Footsie slides again

The London market is being pulled down by falls in banks and telecoms stocks.

Footsie slides again

The London market is being pulled down by falls in banks and telecoms stocks.

By lunchtime the FTSE 100 Index was down 43.8 points at 4713.

The performance suggests that yesterday's bounce-back was what traders call a "dead cat bounce" - a recovery without any foundation.

The benign inflation picture raised the possibility that the Bank of England could afford to delay an increase in interest rates.

Despite this, banks slid lower, led by Abbey National which continued to fall in the aftermath of its shock profits warning last week. Shares slid 34½p to 798½p.

HBOS fell 25p at 727p, Lloyds TSB was 13p lower at 649½p and Barclays fell 12p to 543p.

Technology stocks were weaker across Europe, and in London, computer services group Logica slid 5p at 200p, while among the telecoms, Vodafone was off 3%, down 2½p at 93¾p, and mmO2 fell 1¼p to 38½p.

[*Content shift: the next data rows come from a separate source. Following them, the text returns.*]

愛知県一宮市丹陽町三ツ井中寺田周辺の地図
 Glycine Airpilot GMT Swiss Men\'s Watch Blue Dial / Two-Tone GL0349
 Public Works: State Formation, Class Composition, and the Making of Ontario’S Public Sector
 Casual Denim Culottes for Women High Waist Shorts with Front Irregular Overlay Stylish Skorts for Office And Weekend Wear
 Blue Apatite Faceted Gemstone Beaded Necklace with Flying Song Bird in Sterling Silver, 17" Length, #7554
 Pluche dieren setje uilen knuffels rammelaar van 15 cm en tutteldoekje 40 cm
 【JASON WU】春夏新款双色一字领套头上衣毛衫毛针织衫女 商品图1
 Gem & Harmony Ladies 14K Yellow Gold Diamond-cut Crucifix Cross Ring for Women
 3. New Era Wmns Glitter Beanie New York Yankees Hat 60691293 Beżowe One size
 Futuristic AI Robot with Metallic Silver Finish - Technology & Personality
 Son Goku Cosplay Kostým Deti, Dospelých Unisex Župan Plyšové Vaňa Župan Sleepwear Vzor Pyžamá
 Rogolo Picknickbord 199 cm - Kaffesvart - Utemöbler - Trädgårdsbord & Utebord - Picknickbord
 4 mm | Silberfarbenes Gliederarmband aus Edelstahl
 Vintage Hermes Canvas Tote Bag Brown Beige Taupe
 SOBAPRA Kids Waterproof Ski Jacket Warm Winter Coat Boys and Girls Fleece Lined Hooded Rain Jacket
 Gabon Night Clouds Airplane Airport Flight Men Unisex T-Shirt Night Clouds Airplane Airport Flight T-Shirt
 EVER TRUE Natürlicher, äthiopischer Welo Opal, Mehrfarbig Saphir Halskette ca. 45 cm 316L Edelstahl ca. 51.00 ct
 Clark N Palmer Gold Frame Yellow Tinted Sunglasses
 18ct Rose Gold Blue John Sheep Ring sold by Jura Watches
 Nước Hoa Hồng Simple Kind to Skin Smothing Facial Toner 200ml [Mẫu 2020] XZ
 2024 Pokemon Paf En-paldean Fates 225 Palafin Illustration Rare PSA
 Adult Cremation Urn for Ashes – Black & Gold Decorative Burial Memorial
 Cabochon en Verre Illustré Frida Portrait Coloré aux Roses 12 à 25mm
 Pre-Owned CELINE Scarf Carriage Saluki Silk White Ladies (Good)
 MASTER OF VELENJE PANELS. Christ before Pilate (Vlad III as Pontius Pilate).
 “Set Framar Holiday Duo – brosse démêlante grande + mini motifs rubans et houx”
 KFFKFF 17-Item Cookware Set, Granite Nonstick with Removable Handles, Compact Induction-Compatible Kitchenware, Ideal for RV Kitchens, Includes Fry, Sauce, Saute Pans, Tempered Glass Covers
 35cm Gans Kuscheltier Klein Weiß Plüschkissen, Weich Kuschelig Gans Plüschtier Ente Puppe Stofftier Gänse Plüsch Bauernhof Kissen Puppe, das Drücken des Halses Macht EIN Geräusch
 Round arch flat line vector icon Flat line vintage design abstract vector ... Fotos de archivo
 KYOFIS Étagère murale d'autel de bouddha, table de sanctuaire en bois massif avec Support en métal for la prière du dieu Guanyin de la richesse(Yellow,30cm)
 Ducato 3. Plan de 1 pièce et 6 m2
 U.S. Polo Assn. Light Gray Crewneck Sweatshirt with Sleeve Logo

However, oil stocks were gaining, with BP helped by broker upgrade, up 6p at 546p. Shell was ahead 4p at 495p.

They were joined on the Footsie risers board by British Airways after it announced it was cutting the price of European air fares on 42 routes by up to 80%. Shares rose 3½p to 200p.

Outside the main index, telecommunications company Telewest fell 17%, or 0.55p, to 2.60p, as a debt-for-equity swap appeared more likely.